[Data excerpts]
%%
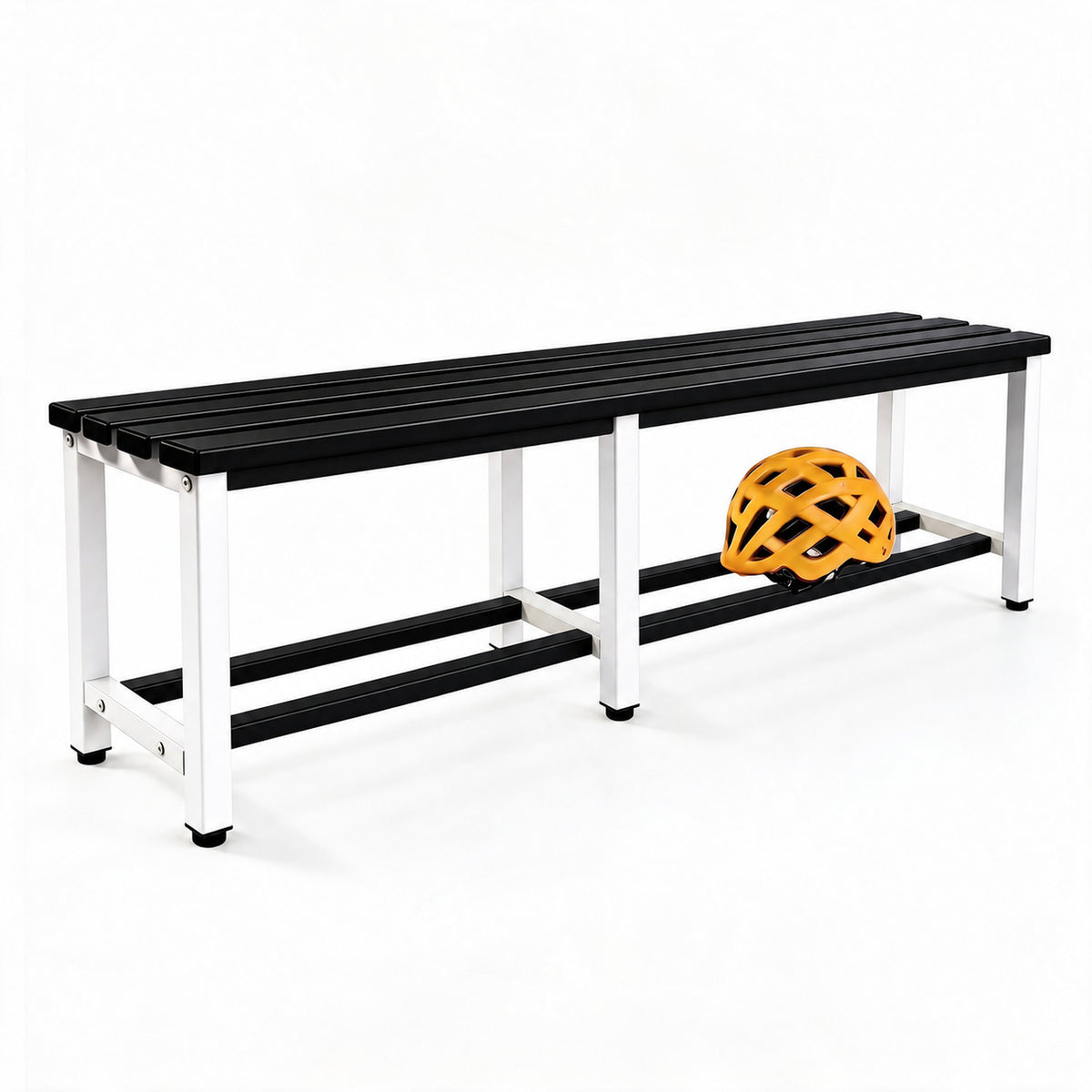 [color:eclipse][lang:es] Banco vestuario metálico 150 x 32 x 45 cm en blanco y negro — imagen 1 de 6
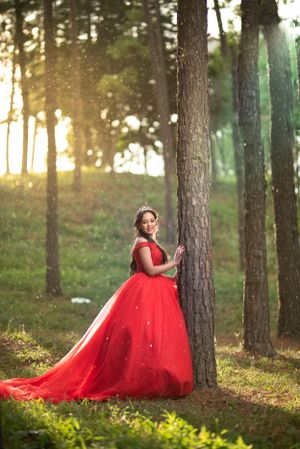 Young woman in stunning red ballgown with tiara leaning against a tree in a sunlit magical forest setting.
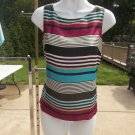 NWT TALBOTS MULTI COLORED STRIPED TANK SUIT BLOUSE PP $ 69.50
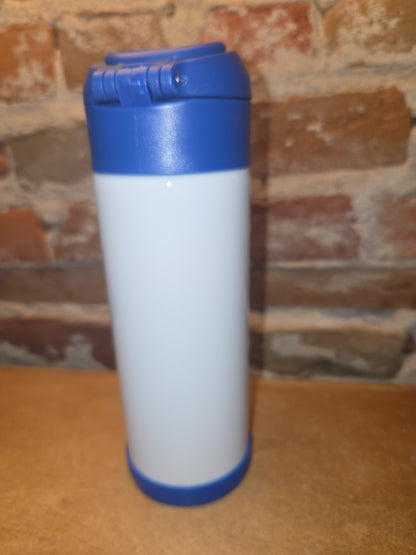 Custom Order Kid's 12 oz Tumbler Sippy Cup with Blue Flip Top Lid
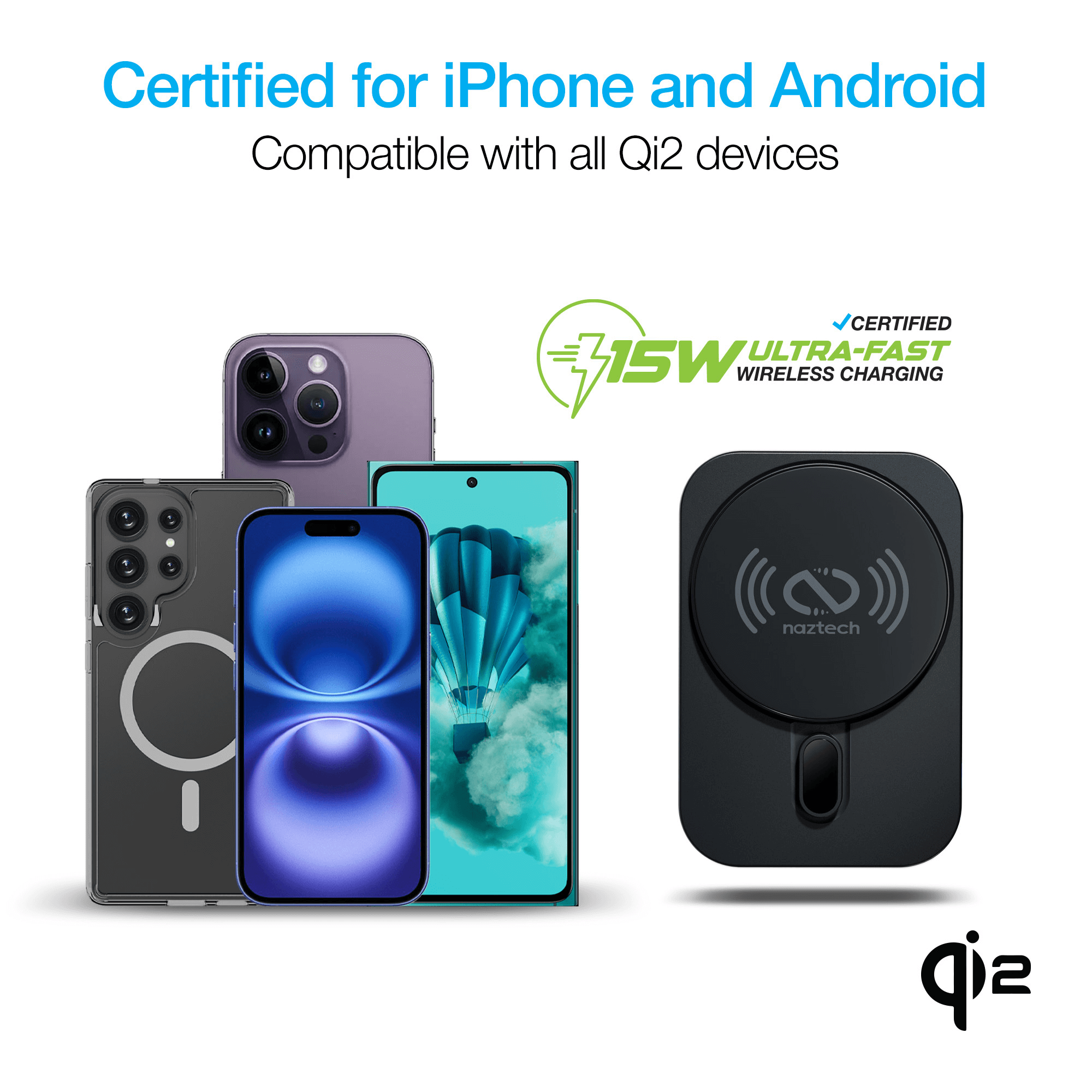 Naztech MagLock CAR 15W Magnetic Wireless Fast Charging Vent Mount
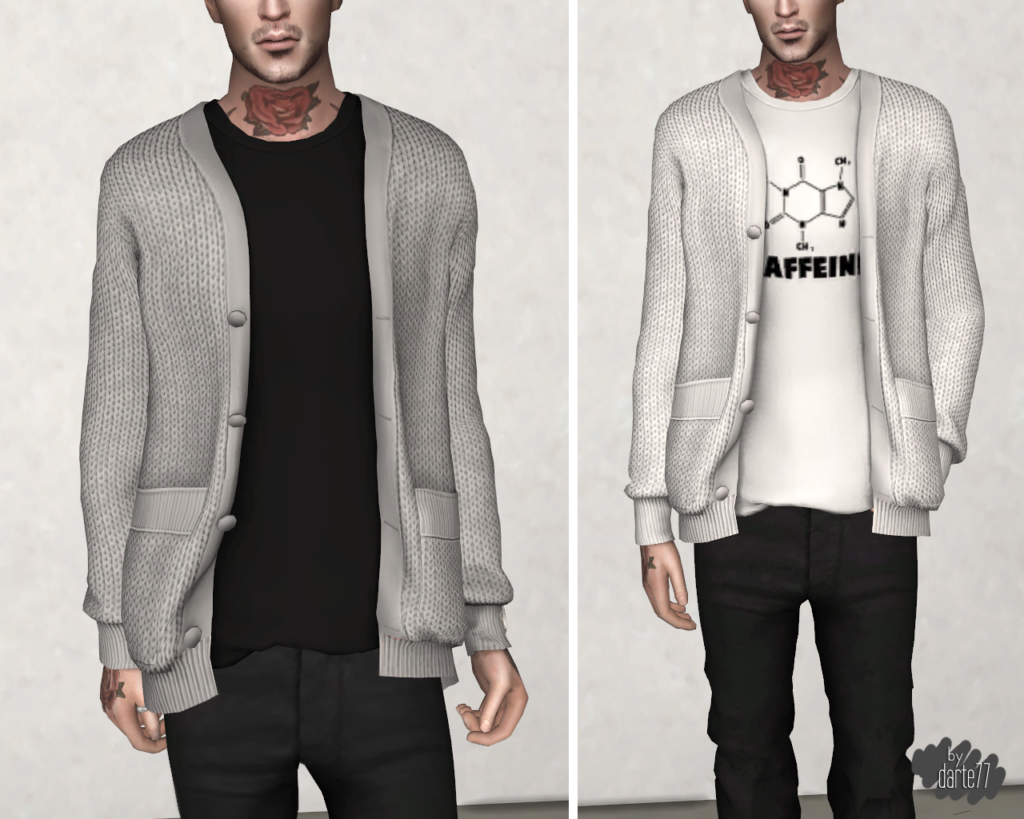 Zwei Bilder nebeneinander von demselben Sim, der ein Hals-Tattoo einer Rose hat. Sie tragen schwarze Jeans mit einem T-Shirt und einer gestrickten Sims 4 CC-Strickjacke.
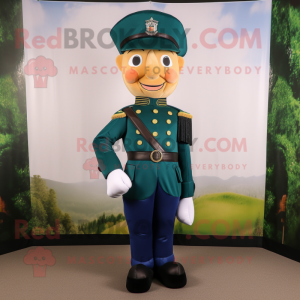 Forest Green Navy Soldier mascot costume character dressed with a Waistcoat and Shoe laces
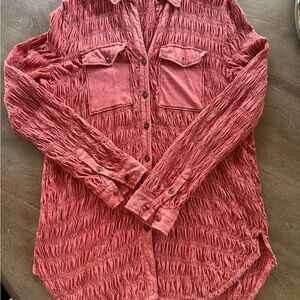 Anthropologie Pilcro Crinkled Button-Up Shirt in Dusty Rose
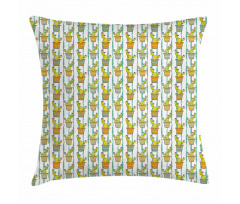 Vertical Lines Flowers Pillow Cover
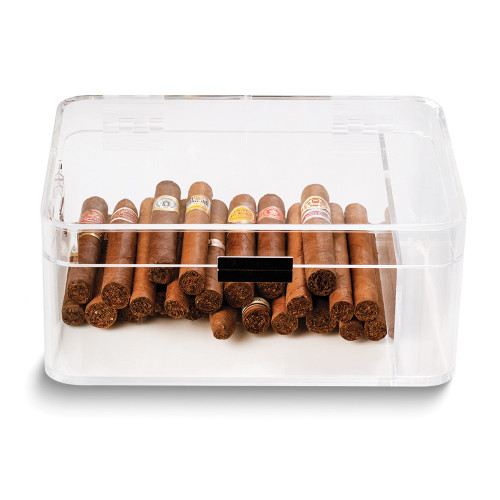 Clear Acrylic 60-Cigar Humidor with Magnetic Closure (Gifts)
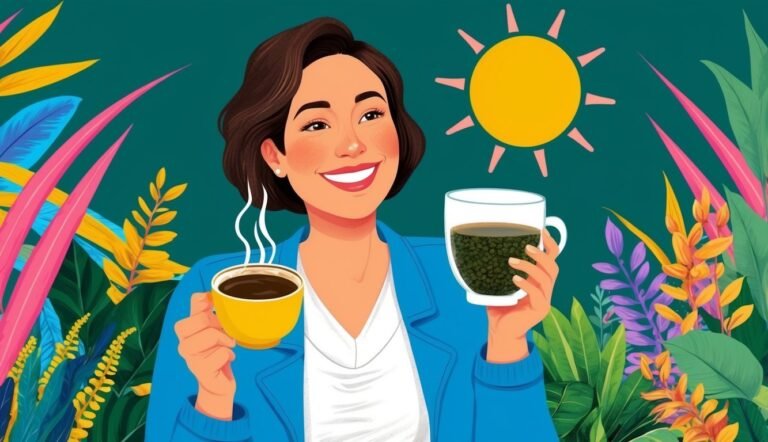 Smiling woman holding two cups of coffee with a sun in the background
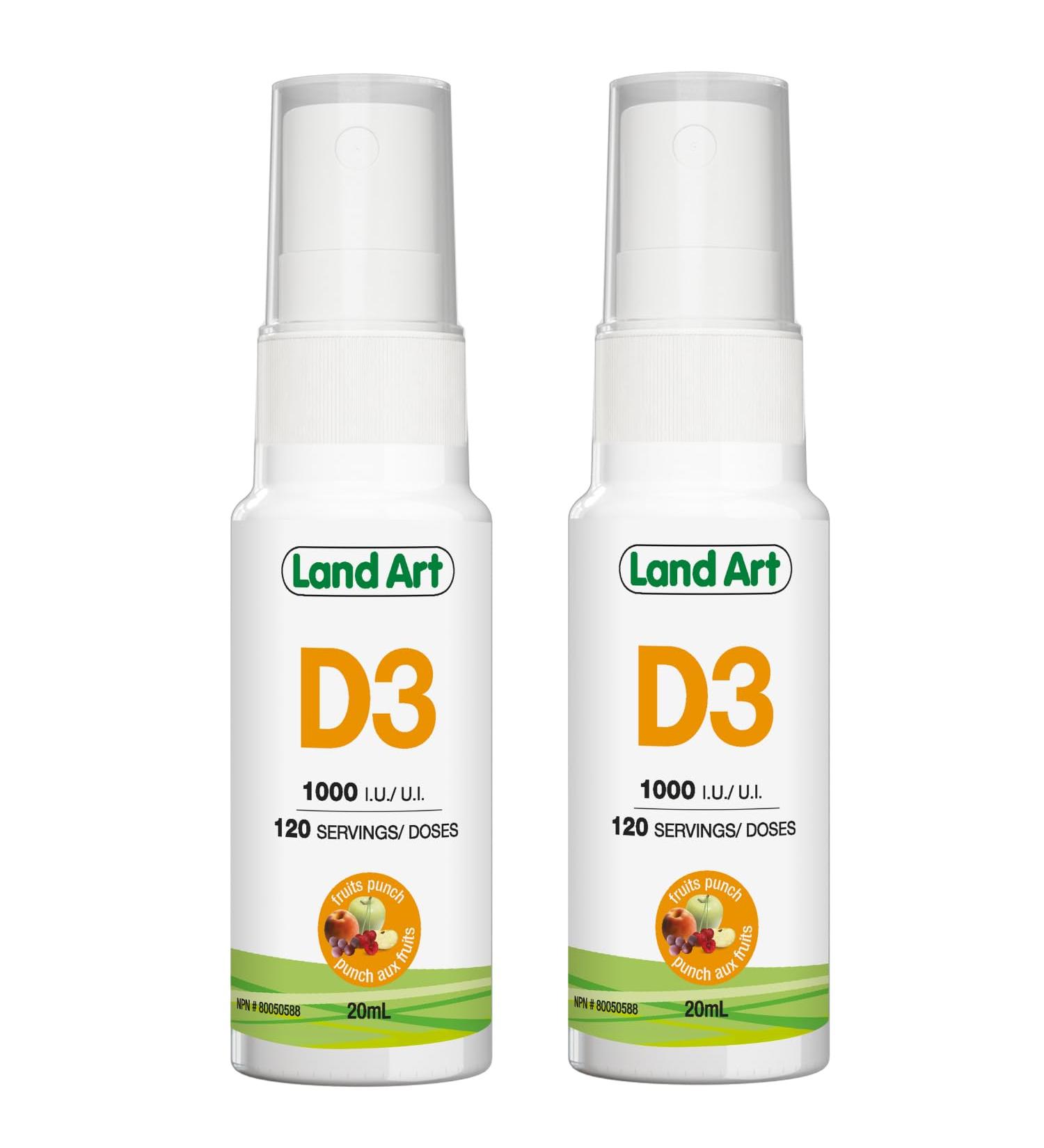 Vitamin D3 Spray - 1000 IU per Spray - 120 Doses Boost Your Immune System - Support Your Bones Sugar Free Non-GMO Gluten Free - Made in Canada PACK OF 2 BOTTLES 20 ml (Pack of 2) - Buy Online on GoSupps.com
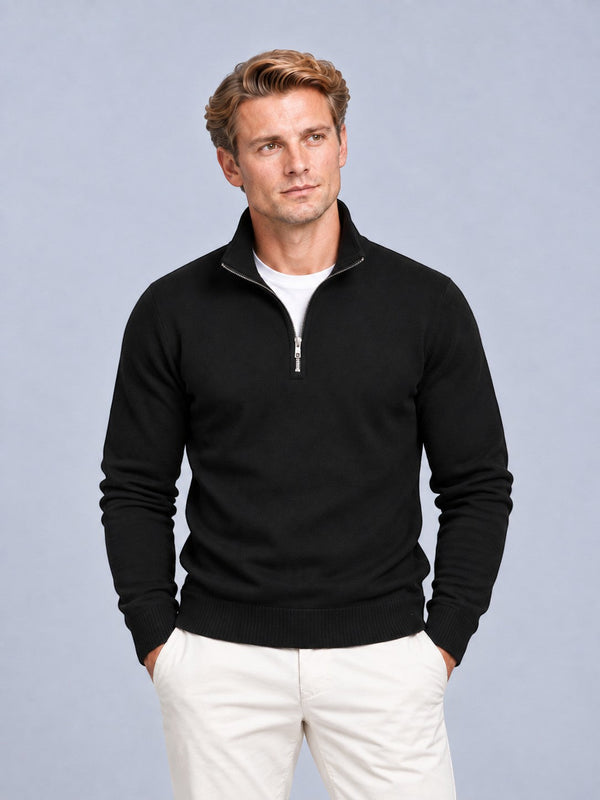 Finn - Heren Half Zip Trui in Nette Stijl met Opstaande Kraag en Ribboorden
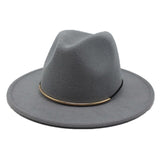 Women Wool Fedoras With Metal Ring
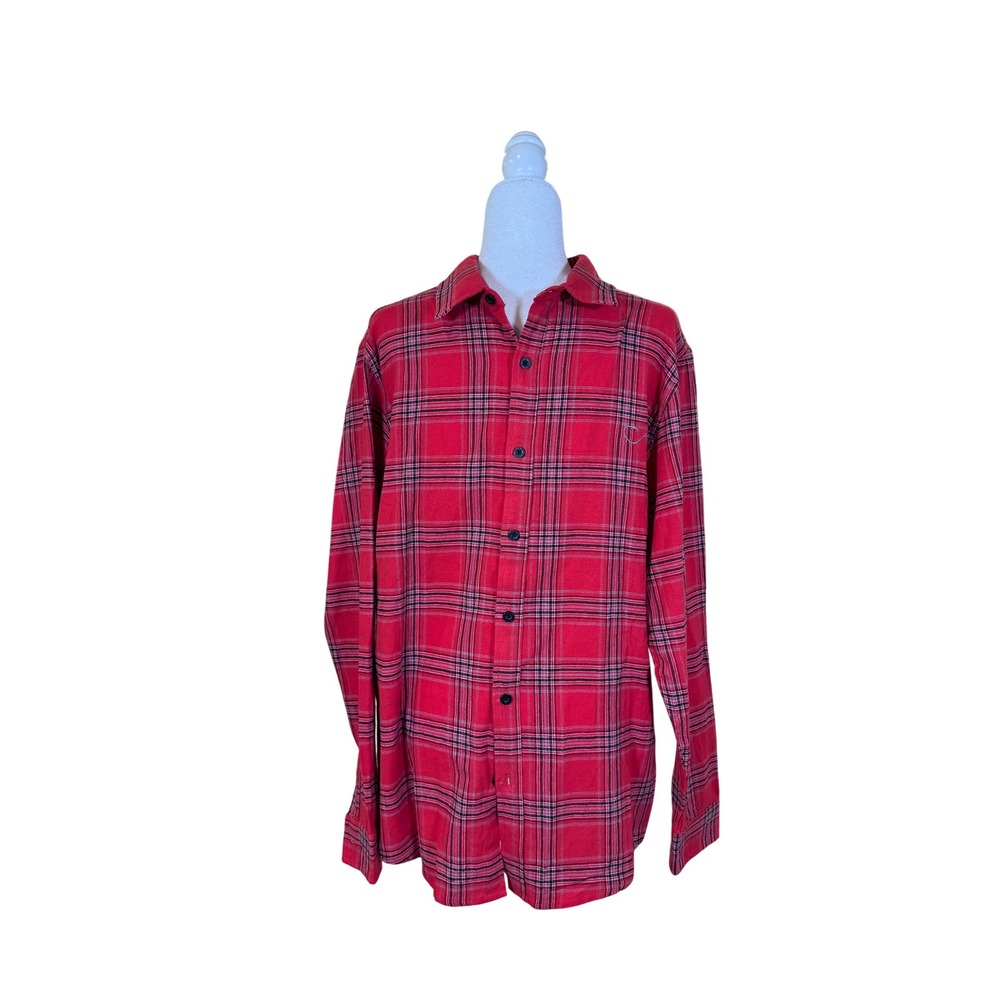 Reel Life Flannel Button Down Shirt Red Plaid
%%
▸ Prompt
Repeat the records exactly, without the pictures.

▸ Response
 [color:eclipse][lang:es] Banco vestuario metálico 150 x 32 x 45 cm en blanco y negro — imagen 1 de 6
 Young woman in stunning red ballgown with tiara leaning against a tree in a sunlit magical forest setting.
 NWT TALBOTS MULTI COLORED STRIPED TANK SUIT BLOUSE PP $ 69.50
 Custom Order Kid's 12 oz Tumbler Sippy Cup with Blue Flip Top Lid
 Naztech MagLock CAR 15W Magnetic Wireless Fast Charging Vent Mount
 Zwei Bilder nebeneinander von demselben Sim, der ein Hals-Tattoo einer Rose hat. Sie tragen schwarze Jeans mit einem T-Shirt und einer gestrickten Sims 4 CC-Strickjacke.
 Forest Green Navy Soldier mascot costume character dressed with a Waistcoat and Shoe laces
 Anthropologie Pilcro Crinkled Button-Up Shirt in Dusty Rose
 Vertical Lines Flowers Pillow Cover
 Clear Acrylic 60-Cigar Humidor with Magnetic Closure (Gifts)
 Smiling woman holding two cups of coffee with a sun in the background
 Vitamin D3 Spray - 1000 IU per Spray - 120 Doses Boost Your Immune System - Support Your Bones Sugar Free Non-GMO Gluten Free - Made in Canada PACK OF 2 BOTTLES 20 ml (Pack of 2) - Buy Online on GoSupps.com
 Finn - Heren Half Zip Trui in Nette Stijl met Opstaande Kraag en Ribboorden
 Women Wool Fedoras With Metal Ring
 Reel Life Flannel Button Down Shirt Red Plaid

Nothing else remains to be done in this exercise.